Now before you tune out and think, “Well, I’m not in sales; this is not relevant to me,” let me say that you are in sales. I don’t care what it is you do. All of these principles I am about to cover are applicable to you, whether you are in an official sales profession, or you are a husband, a wife, or a teenager who wants to borrow the car on Friday night. If you want to ask someone out for a date…you are in sales.
If you are a human being, and you know other human beings, you are in sales.
Here are the four sales in every sale…in reverse order of importance and timeline.
The transaction or deal is complete.
The prospect or potential customer (or maybe it is your mom or dad or some other person) buys what you are selling. They buy your product, service, idea, or suggestion. The consummation of the transaction is what most people think of when they say you “made the sale”. But this is actually the fourth sale.
After the deal is done, the relationship really begins, becoming deeper and closer than before. You are now in a partnership together to meet your new customer’s objective.
The prospective customer “buys” the idea.
They buy the picture you are painting of a desired future state – the solution to the problem – whether they knew they had the problem or not. Maybe they were not conscious of the fact they had the problem. In any case, they buy the picture you paint of their future state that is a desired state as opposed to their current state. They like the idea you visualize. When they picture it – when they feel it, and it feels right – you have made sale number three.
The prospective customer “buys” you.
It doesn’t matter what it is you are selling – whether it is a product or a service you provide (or someone else provides) – the person who is the potential buyer buys you first.
If people don’t buy you, they are not buying anything from you. Click to Tweet
So why do people buy you?
They come to believe in your capability and your integrity. In other words, they feel they know, like, and trust you enough to do business with you.
Going just a little bit deeper, why do people feel like they know, like, and trust you?
In most cases, it is because they get a sense that you know, like, and trust them. It is a reciprocal kind of a feeling.
Consequently, you must be very, very intentional about conveying to someone you do business with that you know who they are at least enough to do business with them, that you do like them, and that you trust them. You must be able to trust them enough to be transparent and honest with them. That is the number two sale.
You “buy” YOU.
This is not about the buyer buying. It is about what you have to buy as the seller.
The first (and most important) sale in any sale is that you, the seller, have to buy you.
You have to buy yourself. You must have confidence. You have to know your own integrity, your values, your sense of purpose, and that you are made for this. You must know that you are going to walk the talk and deliver the way you promise to deliver.

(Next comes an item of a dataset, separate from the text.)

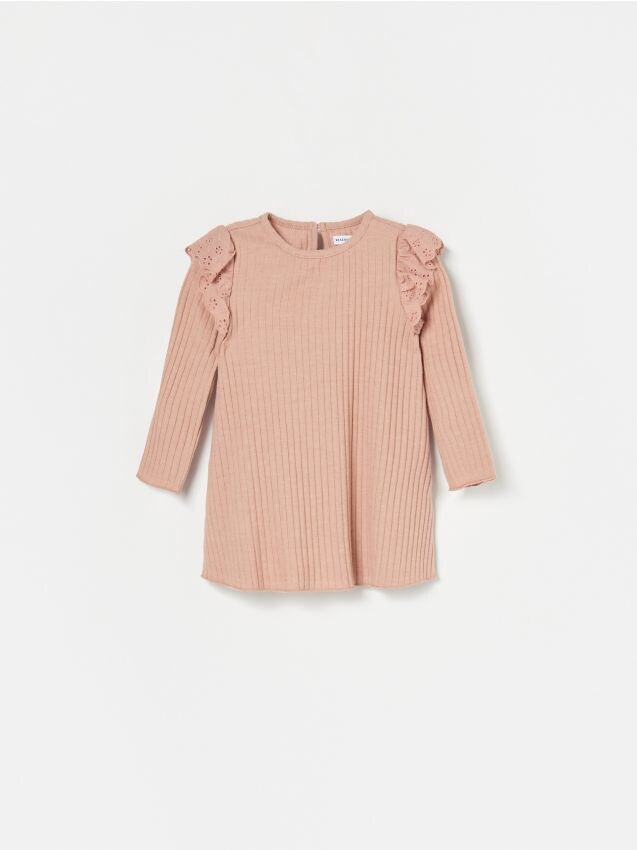 Rochie din tricot striat, cu volănașe de efect - bej - XH886-80X - RESERVED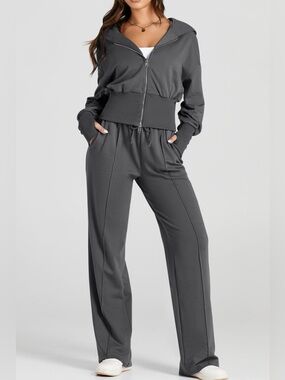 🩵Hello Gorgeous! Zip-Up Hoodie and Pants Active Set - Dark Gray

Ultimately, when you are confident, there is something called “confidence transference”. Confidence transference is when the confidence you have in yourself gets transferred consciously or subconsciously to the potential buyer.
Essentially, they borrow your confidence in you, to have confidence in you.
There is also another link, if that wasn’t enough. It is the bridge between confidence and competence. Your confidence in yourself and in the message you deliver gets translated into the potential customer’s perception of your competence.
Your confidence becomes their sense of your competence.
And let me just put a fine point on it. If you don’t buy you, how can you reasonably expect anyone else to buy you?